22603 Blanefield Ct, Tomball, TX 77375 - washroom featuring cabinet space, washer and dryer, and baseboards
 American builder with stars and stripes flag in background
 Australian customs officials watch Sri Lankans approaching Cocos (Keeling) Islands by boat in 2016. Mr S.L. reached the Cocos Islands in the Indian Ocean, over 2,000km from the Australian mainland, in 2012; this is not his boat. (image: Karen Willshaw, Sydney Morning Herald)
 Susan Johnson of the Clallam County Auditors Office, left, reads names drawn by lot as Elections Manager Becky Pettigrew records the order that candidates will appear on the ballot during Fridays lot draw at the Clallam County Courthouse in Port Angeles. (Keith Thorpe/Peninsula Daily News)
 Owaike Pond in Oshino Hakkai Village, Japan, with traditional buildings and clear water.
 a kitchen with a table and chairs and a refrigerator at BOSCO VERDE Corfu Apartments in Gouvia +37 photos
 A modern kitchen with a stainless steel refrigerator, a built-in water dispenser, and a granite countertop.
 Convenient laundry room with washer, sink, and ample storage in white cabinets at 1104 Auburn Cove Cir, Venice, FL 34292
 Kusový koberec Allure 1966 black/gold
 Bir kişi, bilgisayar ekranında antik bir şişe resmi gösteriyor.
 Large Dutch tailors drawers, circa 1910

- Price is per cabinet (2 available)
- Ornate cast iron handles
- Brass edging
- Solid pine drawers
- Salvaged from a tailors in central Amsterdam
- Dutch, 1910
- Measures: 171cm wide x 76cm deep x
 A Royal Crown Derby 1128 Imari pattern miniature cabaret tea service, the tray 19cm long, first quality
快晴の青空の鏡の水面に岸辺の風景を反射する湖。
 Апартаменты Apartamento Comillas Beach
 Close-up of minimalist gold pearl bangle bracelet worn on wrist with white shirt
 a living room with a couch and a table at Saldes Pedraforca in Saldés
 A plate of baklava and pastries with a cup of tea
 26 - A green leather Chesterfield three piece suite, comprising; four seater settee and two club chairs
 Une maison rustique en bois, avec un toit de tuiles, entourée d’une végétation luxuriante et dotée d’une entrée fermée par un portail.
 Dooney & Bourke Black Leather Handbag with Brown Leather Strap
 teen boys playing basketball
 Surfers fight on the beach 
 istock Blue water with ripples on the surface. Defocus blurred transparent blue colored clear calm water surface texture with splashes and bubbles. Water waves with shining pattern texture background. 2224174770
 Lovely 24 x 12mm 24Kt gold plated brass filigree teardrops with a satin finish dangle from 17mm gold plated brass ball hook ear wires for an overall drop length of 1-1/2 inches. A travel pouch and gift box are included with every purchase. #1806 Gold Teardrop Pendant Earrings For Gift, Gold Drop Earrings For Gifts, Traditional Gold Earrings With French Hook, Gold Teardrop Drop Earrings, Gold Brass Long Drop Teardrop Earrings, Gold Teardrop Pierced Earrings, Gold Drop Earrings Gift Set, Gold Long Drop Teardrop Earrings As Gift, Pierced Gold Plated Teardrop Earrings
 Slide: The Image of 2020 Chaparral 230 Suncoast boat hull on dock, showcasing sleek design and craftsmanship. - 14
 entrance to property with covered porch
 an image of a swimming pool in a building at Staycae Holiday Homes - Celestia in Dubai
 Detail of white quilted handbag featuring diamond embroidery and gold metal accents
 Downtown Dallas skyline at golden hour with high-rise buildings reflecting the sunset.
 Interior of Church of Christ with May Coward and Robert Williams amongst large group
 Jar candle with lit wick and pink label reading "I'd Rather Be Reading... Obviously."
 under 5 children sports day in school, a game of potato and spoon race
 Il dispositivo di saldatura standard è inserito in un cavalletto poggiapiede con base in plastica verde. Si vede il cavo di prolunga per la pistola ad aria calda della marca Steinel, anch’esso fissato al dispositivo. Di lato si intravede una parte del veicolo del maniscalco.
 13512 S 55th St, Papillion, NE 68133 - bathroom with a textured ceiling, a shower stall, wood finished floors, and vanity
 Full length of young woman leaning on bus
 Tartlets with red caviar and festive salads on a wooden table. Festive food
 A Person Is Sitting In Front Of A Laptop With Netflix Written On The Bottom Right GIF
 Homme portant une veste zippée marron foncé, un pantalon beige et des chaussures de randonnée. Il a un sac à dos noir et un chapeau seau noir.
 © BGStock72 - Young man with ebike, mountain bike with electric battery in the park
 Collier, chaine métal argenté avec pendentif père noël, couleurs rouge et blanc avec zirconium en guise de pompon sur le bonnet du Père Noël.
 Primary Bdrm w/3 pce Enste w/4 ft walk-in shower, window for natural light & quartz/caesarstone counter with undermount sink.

══════════

**Task directions**
In the data above, retype exactly and only the lines between the one holding "A plate of baklava" and the one holding "under 5 children", inclusive.

**Answer for this exercise**
 A plate of baklava and pastries with a cup of tea
 26 - A green leather Chesterfield three piece suite, comprising; four seater settee and two club chairs
 Une maison rustique en bois, avec un toit de tuiles, entourée d’une végétation luxuriante et dotée d’une entrée fermée par un portail.
 Dooney & Bourke Black Leather Handbag with Brown Leather Strap
 teen boys playing basketball
 Surfers fight on the beach 
 istock Blue water with ripples on the surface. Defocus blurred transparent blue colored clear calm water surface texture with splashes and bubbles. Water waves with shining pattern texture background. 2224174770
 Lovely 24 x 12mm 24Kt gold plated brass filigree teardrops with a satin finish dangle from 17mm gold plated brass ball hook ear wires for an overall drop length of 1-1/2 inches. A travel pouch and gift box are included with every purchase. #1806 Gold Teardrop Pendant Earrings For Gift, Gold Drop Earrings For Gifts, Traditional Gold Earrings With French Hook, Gold Teardrop Drop Earrings, Gold Brass Long Drop Teardrop Earrings, Gold Teardrop Pierced Earrings, Gold Drop Earrings Gift Set, Gold Long Drop Teardrop Earrings As Gift, Pierced Gold Plated Teardrop Earrings
 Slide: The Image of 2020 Chaparral 230 Suncoast boat hull on dock, showcasing sleek design and craftsmanship. - 14
 entrance to property with covered porch
 an image of a swimming pool in a building at Staycae Holiday Homes - Celestia in Dubai
 Detail of white quilted handbag featuring diamond embroidery and gold metal accents
 Downtown Dallas skyline at golden hour with high-rise buildings reflecting the sunset.
 Interior of Church of Christ with May Coward and Robert Williams amongst large group
 Jar candle with lit wick and pink label reading "I'd Rather Be Reading... Obviously."
 under 5 children sports day in school, a game of potato and spoon race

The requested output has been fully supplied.